Diseases associated with low lung compliance (i.e., strong elastic retractive forces) may stimulate the inflation stretch receptors by increasing the mechanical stress acting on the airways during inspiratory efforts.2 This stimulation tends to increase the respiratory rate because it sends an early inhibitory signal, shortening the inspiratory phase.

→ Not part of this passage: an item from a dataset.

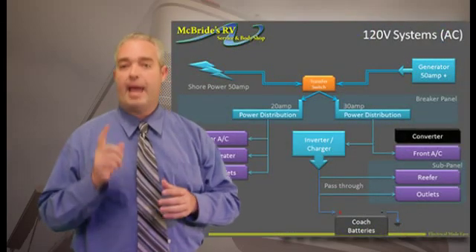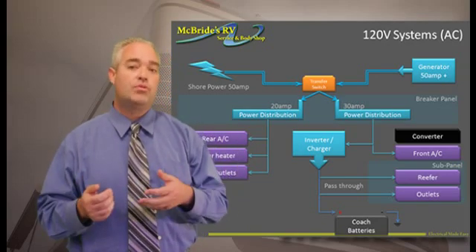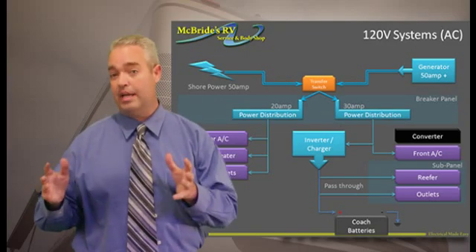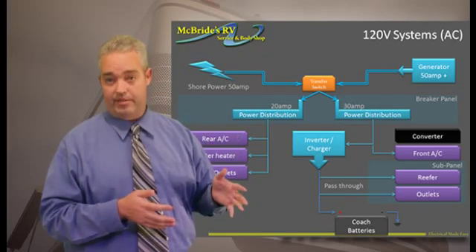The inverter does a technique called pass-through. Basically, what happens is as the power comes into the coach, it goes through the inverter and then passes through and powers all of the 110 items that the inverter would normally power. At the same time, your inverter is going to charge your coach batteries.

Various combinations of respiratory rate and tidal volume can produce the level of ventilation needed to meet metabolic gas exchange demands, but there is always a specific combination that results in the least work. The information stretch receptors send to the medullary centers, which can be consciously sensed, probably helps to establish this optimal combination. The sensation of dyspnea is thought to be produced when the medullary centers demand a level of ventilation greater than the actual ventilation achieved.2


C-fibers in the lung parenchyma near pulmonary capillaries are called juxtacapillary receptors, or J-receptors (see Chapter 1). They are stimulated by alveolar inflammatory processes (pneumonia), pulmonary vascular congestion (congestive heart failure), and edema. J-receptor stimulation causes rapid, shallow breathing; a sensation of dyspnea; and expiratory narrowing of the glottis. Expiratory narrowing of the glottis causes grunting on expiration, especially in infants.

Muscle Spindles

Muscle spindles in the diaphragm and intercostal muscles are part of a reflex arc that helps the muscles adjust to an increased load. Muscle spindles are stretch-sensing elements located on intrafusal muscle fibers, which are arranged in parallel with the main extrafusal muscle fibers (Figure 11-4). The extrafusal skeletal muscle fibers that elevate the ribs (see Figure 11-4) are innervated by different motor fibers (alpha motor fibers) than the intrafusal spindle fibers (gamma motor fibers). As the main extrafusal muscle fiber and the intrafusal fibers contract together in parallel, the spindle-sensing element stretches and sends impulses over spindle afferent nerves directly to the spinal cord (see Figure 11-4). The number of impulses sent is proportional to the spindle’s stretch. The spindle’s afferent (sensory) nerve synapses directly with the same alpha motor neuron in the spinal cord that sends motor impulses back to the main extrafusal muscle fiber; this creates a single synapse reflex arc. When stimulated by the spindle’s afferent nerve signal, the alpha motor neuron sends signals to only the main extrafusal muscle fibers, causing them to contract with greater force, which unloads and shortens the adjacent intrafusal muscle fibers. As a result, the stretch-sensitive spindle is unloaded, and its impulses cease. In this way, inspiratory muscle force automatically adjusts to the load imposed by decreased lung compliance or increased airway resistance.